◆ **Exercise brief**: Give back an exact copy of the lines in the records below, from the line that has "6Me6 Modern 2bhk" through the line that has "2003 CHEVROLET SILVERADO K1500 photo 3", and nothing besides.

##### Records shown

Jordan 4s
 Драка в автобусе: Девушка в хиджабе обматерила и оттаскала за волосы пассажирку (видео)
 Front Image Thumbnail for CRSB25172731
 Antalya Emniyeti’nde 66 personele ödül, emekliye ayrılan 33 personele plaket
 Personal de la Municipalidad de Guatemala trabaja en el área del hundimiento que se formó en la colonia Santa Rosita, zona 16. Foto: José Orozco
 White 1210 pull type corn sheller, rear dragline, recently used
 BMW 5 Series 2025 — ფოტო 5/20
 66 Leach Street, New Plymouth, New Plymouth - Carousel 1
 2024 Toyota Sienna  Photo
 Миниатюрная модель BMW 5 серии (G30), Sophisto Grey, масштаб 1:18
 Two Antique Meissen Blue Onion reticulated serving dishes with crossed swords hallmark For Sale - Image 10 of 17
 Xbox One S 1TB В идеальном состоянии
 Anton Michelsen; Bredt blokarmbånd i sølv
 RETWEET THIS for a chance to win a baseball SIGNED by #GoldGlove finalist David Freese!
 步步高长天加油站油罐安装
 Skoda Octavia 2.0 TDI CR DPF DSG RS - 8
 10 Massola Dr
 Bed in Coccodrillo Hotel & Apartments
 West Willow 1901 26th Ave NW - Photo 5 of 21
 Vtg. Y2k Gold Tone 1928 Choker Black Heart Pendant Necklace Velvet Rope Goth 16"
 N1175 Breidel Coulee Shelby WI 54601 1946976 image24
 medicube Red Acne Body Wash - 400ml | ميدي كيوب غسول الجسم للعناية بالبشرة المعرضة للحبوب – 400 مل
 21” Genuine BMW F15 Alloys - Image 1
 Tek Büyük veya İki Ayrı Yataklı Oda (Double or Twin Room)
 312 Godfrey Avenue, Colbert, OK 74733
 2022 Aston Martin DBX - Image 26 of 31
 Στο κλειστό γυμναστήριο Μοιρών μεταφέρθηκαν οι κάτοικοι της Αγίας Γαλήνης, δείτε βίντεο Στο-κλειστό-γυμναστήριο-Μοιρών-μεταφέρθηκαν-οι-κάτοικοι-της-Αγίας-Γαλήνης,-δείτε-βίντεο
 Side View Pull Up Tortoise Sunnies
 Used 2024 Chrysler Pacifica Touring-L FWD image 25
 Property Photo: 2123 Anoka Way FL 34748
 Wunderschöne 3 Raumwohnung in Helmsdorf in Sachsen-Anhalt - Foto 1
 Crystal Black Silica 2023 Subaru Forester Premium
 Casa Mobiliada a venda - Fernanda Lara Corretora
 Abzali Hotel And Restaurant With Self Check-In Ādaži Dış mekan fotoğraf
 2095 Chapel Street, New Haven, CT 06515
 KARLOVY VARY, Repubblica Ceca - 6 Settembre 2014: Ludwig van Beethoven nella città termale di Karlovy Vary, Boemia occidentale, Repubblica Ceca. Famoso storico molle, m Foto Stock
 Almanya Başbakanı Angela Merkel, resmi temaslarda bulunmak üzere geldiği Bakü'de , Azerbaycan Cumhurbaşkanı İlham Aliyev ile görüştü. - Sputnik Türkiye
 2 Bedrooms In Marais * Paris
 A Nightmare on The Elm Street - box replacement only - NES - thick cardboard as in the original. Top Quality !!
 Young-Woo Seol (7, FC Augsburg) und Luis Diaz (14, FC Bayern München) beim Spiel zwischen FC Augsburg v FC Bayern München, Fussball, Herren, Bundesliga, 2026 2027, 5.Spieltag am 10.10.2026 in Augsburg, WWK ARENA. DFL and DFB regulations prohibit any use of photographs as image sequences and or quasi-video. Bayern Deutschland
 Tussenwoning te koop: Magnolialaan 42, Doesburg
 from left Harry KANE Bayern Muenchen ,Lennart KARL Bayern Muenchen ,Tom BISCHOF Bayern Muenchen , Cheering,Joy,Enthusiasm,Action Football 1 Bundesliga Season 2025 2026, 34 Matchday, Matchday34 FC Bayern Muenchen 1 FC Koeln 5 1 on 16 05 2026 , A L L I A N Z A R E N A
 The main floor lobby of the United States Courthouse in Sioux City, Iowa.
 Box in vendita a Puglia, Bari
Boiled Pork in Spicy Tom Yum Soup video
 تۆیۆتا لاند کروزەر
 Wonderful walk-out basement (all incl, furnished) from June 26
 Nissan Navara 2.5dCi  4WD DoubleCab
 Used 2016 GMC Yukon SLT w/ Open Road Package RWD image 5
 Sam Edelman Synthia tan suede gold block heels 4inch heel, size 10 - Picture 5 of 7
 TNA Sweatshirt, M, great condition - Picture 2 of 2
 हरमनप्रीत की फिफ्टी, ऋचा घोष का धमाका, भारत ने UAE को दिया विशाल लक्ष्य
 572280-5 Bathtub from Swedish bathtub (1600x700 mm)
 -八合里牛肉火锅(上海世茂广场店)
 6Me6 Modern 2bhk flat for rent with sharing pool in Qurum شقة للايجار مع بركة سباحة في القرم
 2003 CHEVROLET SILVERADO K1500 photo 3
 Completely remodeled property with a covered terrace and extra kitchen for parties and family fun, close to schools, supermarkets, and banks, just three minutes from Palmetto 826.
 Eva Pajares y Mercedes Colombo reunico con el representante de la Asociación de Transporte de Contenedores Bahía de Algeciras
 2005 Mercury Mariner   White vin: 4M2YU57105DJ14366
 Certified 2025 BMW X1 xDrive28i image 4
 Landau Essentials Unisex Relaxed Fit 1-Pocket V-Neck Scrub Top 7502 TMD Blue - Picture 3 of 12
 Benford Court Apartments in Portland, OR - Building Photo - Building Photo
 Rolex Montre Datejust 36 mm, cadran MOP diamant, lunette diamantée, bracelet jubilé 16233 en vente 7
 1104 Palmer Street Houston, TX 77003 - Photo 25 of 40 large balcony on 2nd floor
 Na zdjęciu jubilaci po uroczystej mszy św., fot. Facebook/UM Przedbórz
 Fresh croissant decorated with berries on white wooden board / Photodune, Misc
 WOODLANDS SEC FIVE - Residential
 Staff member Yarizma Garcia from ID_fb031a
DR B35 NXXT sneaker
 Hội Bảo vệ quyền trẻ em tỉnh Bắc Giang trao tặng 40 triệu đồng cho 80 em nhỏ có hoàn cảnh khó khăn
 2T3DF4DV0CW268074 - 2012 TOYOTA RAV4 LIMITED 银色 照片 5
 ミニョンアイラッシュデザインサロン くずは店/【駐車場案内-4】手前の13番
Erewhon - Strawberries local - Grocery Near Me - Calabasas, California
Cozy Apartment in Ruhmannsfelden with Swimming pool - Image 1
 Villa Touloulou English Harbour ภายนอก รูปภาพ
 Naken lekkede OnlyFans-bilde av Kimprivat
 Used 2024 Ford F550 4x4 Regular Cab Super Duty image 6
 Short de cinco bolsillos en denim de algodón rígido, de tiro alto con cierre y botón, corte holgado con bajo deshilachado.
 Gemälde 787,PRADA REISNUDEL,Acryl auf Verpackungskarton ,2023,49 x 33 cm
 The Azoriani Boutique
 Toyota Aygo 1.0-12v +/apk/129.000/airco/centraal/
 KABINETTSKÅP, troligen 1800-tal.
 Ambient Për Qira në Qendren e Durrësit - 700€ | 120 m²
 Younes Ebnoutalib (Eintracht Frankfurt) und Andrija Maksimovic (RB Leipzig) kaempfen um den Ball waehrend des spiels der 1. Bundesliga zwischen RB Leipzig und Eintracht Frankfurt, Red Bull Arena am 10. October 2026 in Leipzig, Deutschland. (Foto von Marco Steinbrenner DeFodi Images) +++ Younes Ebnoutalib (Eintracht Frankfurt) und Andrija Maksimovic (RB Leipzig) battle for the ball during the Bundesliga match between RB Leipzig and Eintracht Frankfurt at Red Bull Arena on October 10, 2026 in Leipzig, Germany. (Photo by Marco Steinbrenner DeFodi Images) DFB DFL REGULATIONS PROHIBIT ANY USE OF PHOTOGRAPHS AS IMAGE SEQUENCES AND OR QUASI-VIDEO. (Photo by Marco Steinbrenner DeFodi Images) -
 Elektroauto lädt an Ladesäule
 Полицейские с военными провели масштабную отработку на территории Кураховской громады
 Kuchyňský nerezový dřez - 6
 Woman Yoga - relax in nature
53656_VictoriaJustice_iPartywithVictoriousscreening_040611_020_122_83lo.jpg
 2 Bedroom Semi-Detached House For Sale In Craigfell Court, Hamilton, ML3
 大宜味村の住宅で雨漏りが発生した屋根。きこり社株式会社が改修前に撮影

##########

◆ **Response area**:
 6Me6 Modern 2bhk flat for rent with sharing pool in Qurum شقة للايجار مع بركة سباحة في القرم
 2003 CHEVROLET SILVERADO K1500 photo 3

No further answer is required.